Undaunted, Carrie The Musical opened on Broadway later in 1988; curtain calls were received with “a raucous mixture of cheers and boos.” It closed after sixteen previews and five performances and is considered one of the most expensive musical theatre disasters of all time.
In 2012, Carrie The Musical, heavily rewritten, was revived for Broadway where it only ran for a month but it’s creators said they had achieved what they set out to do: “to rescue Carrie from oblivion and to give her new life”.
Carrie is back. And she’s taking sweet – bloody sweet – revenge night after night at the Jericho Arts Centre.
This Fighting Chance Production (in association with Nathan Gardner and Danny Brooke and Renegade Arts Company) has a cast of fourteen, a production team of twenty and a live five-piece orchestra, under conductor/keyboardist Caitlin Hayes, making it a big show in a small space. That works well for this all-but-one non-professional cast and crew. Ryan Mooney, artistic director of Fighting Chance Productions directs, and, much as he did with his production of Spring Awakening, focuses on teenage angst: fitting in, looking cool and dealing with peer pressure. Teenagers will really ‘get’ this show.
Grace Newson’s choreography is angular and sharply well-executed; the set, a surround of canvasses on which CARRIE is repeatedly scrawled, is obviously low in production value but it works; and staging the show alley-style with shallow banks of seats on the east and west sides of the theatre makes for in-your-face intimacy.
The songs are not memorable but they’re accessible: most of the time you can hear the words and the music isn’t out of reach of these young singers. The night I went, however, a number of performers were a bit off their mark and occasionally the orchestra was too loud for a singer with a small voice to make herself heard.
Ranae Miller, as Carrie, is the star of this production: her Carrie is so tentative, so shy and so full of longing it makes your heart ache. Miller’s voice is clear and clean from the moment she sings “Carrie”, after being called “Scary Carrie” by her schoolmates, to the penultimate closing number, “The Destruction”. Riley Qualtieri is an engaging, openhearted Tommy Ross who, although Sue’s boyfriend, agrees to take Carrie to the prom as a way of making up for the vicious bullying by his classmates.
The musical begins and ends with Sue (Tegan Verheul) in an interrogation room following the bloodbath at the prom. Verheul, a lovely soprano, is very appealing as the decent, guilt-plagued teenager who takes a stand against Carrie’s attackers led by Chris (Emily Canavan, who really rocks the Arts Centre with songs like “The World According to Chris”).

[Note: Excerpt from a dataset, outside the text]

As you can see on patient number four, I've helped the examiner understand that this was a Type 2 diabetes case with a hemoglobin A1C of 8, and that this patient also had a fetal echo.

Always troublesome are roles like Carrie’s mother Margaret (Sabrina Prada). A religious fanatic who claims she only wants the best for her daughter, it’s hard to see how shoving a knife into Carrie is in the child’s best interest. “When There’s No One”, a song Margaret sings to attempt to keep Carrie from the prom should be a tear jerker – and for some, perhaps it is – but it’s such a wank, I suspect we’re all relieved when Carrie turns her telekinetic powers against dear old mom and goes to the front door where Tommy waits, bracelet corsage in hand and quite overwhelmed to see how beautiful Carrie really is.
A lovely surprise is Keri Smith as Miss Gardiner, the girls’ gym teacher. One of the best songs of the show is “Unsuspecting Hearts”, beautifully sung by Smith and Miller.
It’s a curious musical, no doubt about it. But teenagers should love it and, right before Hallowe’en, it’s a great time to see it. Beware the pig’s blood.